Appeals court rejects internal revenue servcies request for new hearing in its fight to get United Parcel Service to pay back taxes and penalties related to UPS' operation of offshore captive reinsurance program
ORIGINAL TITLE: Appeals Court Rebuffs IRS Again Over UPS Captive.
FULLTEXT:
By: David Pilla
ATLANTA (BestWire) – The Internal Revenue Service lost another round in its fight to get United Parcel Service (NYSE:UPS) to pay back taxes and penalties related to the delivery firm’s operation of an offshore captive reinsurance program.
The U.S. 11th Circuit Court of Appeals in Atlanta rejected an IRS request for a new hearing on a judicial panel’s June decision that UPS’ former operation of Overseas Partners Ltd. was a legitimate business operation.
In June, a three-judge panel for the appeals court reversed an August 1999 ruling by the U.S. Tax Court that UPS had violated the U.S. Tax Code by funneling $100 million to Bermuda-based Overseas Partners in 1984. UPS set up the captive to cover damage claims from its customers.

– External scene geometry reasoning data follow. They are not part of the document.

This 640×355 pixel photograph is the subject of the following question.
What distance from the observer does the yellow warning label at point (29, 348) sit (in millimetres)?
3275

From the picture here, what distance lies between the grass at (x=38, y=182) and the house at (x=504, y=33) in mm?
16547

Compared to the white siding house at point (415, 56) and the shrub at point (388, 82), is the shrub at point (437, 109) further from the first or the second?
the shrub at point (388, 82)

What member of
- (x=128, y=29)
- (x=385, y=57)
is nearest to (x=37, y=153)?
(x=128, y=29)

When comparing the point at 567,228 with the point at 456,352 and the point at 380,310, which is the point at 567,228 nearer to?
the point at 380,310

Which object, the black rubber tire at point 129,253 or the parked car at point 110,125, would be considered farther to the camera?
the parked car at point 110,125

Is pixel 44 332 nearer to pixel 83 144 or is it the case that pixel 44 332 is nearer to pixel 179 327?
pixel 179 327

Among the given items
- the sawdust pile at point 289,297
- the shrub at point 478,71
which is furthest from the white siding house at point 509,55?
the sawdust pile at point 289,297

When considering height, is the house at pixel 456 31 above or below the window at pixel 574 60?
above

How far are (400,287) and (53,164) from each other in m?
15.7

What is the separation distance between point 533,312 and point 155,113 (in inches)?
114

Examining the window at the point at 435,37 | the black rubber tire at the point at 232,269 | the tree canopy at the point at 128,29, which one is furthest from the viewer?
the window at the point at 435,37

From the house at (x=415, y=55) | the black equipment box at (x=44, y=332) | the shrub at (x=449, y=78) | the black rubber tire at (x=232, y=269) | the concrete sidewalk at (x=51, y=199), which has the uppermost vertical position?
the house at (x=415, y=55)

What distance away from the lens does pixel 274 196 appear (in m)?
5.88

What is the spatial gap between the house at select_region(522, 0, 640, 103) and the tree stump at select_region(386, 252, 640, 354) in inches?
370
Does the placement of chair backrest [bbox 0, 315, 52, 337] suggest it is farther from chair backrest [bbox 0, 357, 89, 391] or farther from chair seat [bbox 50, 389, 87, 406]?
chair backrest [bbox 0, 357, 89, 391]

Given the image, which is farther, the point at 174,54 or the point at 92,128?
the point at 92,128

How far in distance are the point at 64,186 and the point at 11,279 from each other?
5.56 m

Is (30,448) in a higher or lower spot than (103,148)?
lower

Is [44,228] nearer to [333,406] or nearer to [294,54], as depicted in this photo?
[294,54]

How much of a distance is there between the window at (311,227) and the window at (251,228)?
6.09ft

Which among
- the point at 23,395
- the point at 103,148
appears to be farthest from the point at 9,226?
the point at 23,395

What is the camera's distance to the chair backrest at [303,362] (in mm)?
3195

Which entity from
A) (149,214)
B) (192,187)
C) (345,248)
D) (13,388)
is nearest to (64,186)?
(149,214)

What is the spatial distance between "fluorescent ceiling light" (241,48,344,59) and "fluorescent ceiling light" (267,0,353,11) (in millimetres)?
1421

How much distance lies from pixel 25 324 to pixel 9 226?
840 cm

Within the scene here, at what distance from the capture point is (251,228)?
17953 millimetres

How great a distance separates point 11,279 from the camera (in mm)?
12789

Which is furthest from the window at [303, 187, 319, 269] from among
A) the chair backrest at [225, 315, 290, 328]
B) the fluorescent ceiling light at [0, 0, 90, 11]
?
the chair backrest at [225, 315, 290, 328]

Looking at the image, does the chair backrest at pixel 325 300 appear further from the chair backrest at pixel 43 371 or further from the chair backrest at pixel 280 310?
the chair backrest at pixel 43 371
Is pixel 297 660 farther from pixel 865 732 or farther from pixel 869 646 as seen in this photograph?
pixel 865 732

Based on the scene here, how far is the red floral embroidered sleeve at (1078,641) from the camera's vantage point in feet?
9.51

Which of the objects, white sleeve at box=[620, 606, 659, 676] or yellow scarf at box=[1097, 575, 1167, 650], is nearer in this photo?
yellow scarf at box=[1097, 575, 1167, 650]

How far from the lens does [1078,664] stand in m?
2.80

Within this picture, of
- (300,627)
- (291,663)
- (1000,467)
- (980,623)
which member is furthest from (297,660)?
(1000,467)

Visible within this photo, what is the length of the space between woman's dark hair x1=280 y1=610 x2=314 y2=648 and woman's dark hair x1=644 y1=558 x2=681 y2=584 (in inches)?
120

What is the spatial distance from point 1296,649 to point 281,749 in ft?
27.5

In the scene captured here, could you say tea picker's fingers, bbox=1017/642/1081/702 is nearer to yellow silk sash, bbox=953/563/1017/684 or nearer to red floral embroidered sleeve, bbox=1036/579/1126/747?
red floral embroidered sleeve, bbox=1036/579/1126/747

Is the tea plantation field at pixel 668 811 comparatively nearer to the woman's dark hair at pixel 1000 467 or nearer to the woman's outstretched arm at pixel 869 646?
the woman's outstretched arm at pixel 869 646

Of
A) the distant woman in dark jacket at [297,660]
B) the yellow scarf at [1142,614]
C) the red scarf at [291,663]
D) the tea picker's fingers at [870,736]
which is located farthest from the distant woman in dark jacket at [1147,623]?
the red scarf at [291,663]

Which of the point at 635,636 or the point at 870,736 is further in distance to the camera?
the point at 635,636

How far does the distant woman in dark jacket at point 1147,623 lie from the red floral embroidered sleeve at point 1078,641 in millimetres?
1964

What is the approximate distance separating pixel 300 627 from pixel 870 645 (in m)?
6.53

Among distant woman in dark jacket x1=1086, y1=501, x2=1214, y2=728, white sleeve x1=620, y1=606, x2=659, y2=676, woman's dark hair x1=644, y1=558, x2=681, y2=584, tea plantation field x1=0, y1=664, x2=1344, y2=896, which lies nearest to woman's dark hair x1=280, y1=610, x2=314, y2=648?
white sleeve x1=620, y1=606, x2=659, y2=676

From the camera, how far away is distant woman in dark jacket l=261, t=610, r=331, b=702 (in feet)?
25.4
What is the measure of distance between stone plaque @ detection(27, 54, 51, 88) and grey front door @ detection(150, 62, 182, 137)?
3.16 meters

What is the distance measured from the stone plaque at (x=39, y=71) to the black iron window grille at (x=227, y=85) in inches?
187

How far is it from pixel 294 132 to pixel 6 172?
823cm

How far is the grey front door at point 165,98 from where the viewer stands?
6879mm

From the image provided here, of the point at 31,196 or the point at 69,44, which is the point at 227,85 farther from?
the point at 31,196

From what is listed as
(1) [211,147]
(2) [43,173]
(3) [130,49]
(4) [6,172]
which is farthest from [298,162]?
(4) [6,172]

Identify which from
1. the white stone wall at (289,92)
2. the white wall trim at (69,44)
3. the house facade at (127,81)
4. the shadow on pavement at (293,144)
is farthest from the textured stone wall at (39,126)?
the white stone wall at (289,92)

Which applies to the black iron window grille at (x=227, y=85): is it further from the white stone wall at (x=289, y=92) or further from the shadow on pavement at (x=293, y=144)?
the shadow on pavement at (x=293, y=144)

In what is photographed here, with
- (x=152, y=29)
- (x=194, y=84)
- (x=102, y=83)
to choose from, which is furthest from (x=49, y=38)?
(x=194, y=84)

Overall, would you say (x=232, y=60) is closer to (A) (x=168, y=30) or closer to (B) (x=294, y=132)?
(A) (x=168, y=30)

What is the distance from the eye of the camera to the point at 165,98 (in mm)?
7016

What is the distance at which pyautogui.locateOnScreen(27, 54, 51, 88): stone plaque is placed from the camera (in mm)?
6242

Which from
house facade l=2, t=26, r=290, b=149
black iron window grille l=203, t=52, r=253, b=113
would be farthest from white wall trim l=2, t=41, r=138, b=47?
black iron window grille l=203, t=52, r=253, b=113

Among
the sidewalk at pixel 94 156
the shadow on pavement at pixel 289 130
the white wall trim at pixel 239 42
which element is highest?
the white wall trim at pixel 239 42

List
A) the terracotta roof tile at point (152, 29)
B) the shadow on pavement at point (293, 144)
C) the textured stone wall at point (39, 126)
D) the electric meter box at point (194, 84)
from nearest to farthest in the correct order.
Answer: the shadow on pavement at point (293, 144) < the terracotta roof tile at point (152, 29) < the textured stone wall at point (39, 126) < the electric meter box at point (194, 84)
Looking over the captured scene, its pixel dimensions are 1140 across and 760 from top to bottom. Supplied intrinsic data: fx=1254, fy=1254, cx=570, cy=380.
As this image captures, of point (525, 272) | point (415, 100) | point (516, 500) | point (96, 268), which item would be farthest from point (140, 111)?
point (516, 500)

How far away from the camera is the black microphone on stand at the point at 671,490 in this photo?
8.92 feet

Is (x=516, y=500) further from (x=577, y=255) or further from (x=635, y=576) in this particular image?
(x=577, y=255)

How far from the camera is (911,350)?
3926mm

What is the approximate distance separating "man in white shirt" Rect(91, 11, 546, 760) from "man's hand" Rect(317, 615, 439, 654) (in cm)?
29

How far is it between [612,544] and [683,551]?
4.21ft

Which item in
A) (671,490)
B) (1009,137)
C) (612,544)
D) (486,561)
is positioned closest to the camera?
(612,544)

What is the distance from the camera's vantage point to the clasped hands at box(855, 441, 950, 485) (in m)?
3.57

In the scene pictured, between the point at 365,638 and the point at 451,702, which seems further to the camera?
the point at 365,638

Now that the full Court of Appeals has ruled that it will not allow a full hearing on the IRS’ case, the IRS will have to go back to the U.S. Tax Court for a hearing or appeal to the U.S. Supreme Court.
Norman Black, a spokesman for UPS, said he could not comment on the details of the decision. “All I can say is that it’s not over yet, but we welcome the decision of the appeals court,” he said.
Efforts to reach someone at the IRS for comment were unsuccessful.
In the June ruling, the three-member appeals court panel vacated a 1999 Tax Court finding siding with IRS claims that the captive insurer was a sham operation (BestWire, June 22, 2001). “The sophistication of the insurance revisions does not change the fact that there was a real business that served the genuine need for customers to enjoy loss coverage and for UPS to lower its liability exposure,” the panel’s ruling said. “We therefore conclude that UPS’ restructuring of its excess-value business had both real economic effects and a business purpose, and it therefore under our precedent had sufficient economic substance to merit respect in taxation.”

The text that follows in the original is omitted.